I've never been a fan of graphic novels. No real reason for this. Just something I've never took the time to get into. Happily, this situation changed a couple of months ago when I finally decided it was way past time to check out the 'Gone With The Wind Of Graphics'.
My interest was sparked by a trailer for Zack Snyder's feature film, so a quick purchase on eBay's home shopping site and a copy of Alan Moore and Dave Gibbons' revered book was soon nestling on my lap. To say I was blown away would be an understatement! This alternate history 'lesson' - full of costumed vigilantes and extreme social and political turmoil - WATCHMEN proved to be the most engrossing page-turner I'd encountered in many a long day.
I'd been unable to catch a theatrical screening of Snyder's film, and eagerly awaited the DVD release which, in the UK, turned out to be the version seen at cinemas.News soon came through that the US would be getting Snyder's director's cut, and the Blu-ray would not be region-locked.

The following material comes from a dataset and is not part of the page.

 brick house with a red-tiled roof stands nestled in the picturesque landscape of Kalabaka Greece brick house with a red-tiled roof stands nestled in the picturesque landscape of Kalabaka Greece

Running at 3 hours 6 minutes (some 24 mins longer than the theatrical cut), Watchmen is, in my eyes at least, an absolute triumph.
Here, characters are brought to life by several excellent performances, caught in an intoxicating mix of past, present and future.
Moore & Gibbons' dark world sees President Nixon serving a fourth term of office in a world where costumed crime fighters are outlawed by the Keene act and the tragic figure of Dr. Manhattan who finally abandons humanity. From the opening demise of 'The Joker' and wonderful opening credits sequence, through to the final line of dialogue, WATCHMEN had me gripped and left me regretting I'd missed those theatrical screenings.

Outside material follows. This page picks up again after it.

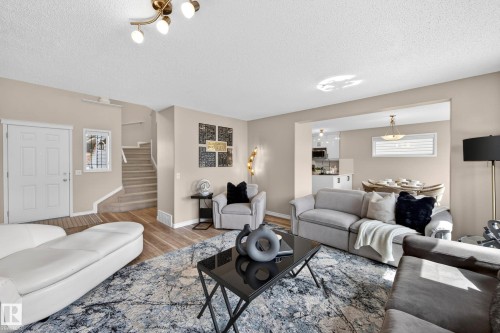 Open-concept living area featuring wood-finish flooring, a contemporary overhead light fixture, and a neutral color palette - 7723 7A Avenue, Edmonton, AB - Indoor Photo Showing Living Room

Warner Bros Blu-ray contains 3 discs, with one disc full of extras and a digital copy of the film. Picture quality is hard to fault, with nice inky blacks, excellent shadow detail and striking skin tones, with only the blue glow of Dr. Manhattan exhibiting issues.
Snyder's Maximum Movie Mode (found on disc one) will surely be well received by fans of this film, revealing two screens in between Snyder who delivers a ton of information, backed by storyboards, comparison of scenes to comic book panels and behind the scenes info.
Fans will already be aware of the forthcoming 5 disc version, due in December. This will contain the film with TALES OF THE BLACK FREIGHTER woven in; over 2 hours of bonus footage including Hollis Mason's TELL ALL UNDER THE HOOD; commentary by Dave Gibbons and Zack Snyder and The Complete Watchmen Motion Comics.
Put me down for one of those!


  1. I never saw this when it hit theaters. My bro did and loved it. I definitely want to see it now that it's on DVD.

  2. Being a devotee of the graphic novel, I approached this film with a certain amount of trepidation. How would Snyder, a filmmaker not known for having any real substance in his films, pull of adapting one of the most complex comic books ever?

    The theatrical version was good, but not great. It certainly wasn't bad as, say TANK GIRL, but certainly not as great as THE DARK KNIGHT. I think that the Director's Cut is a definite improvement. It fleshes out some characters and lets the story breathe by putting more of it back in.

    It still doesn't cover up some of the flaws, like the musical miscues ("Ride of the Valkyries" over Dr. Manhattan blasting Viet Cong is a little too cute a reference to APOCALYPSE NOW and do we really need have Leonard Cohen's "Hallelujah" played YET again in a film? Time to give that song a rest) and the weak performance by Malin Akerman.

    But watching the film again, did give me a chance to stop making a mental checklist of all the things that were omitted or changed and just enjoy the film for what it is instead of what it could have been.

  3. Thanks, Keith. Bet you have this one on your Netflix. Hope you enjoy it.

    Thanks, JD. Be interesting to see this again with the Black Freighter incorporated.
    Agree with you re the cues you mentioned. Overall, I think the rest of the music worked well.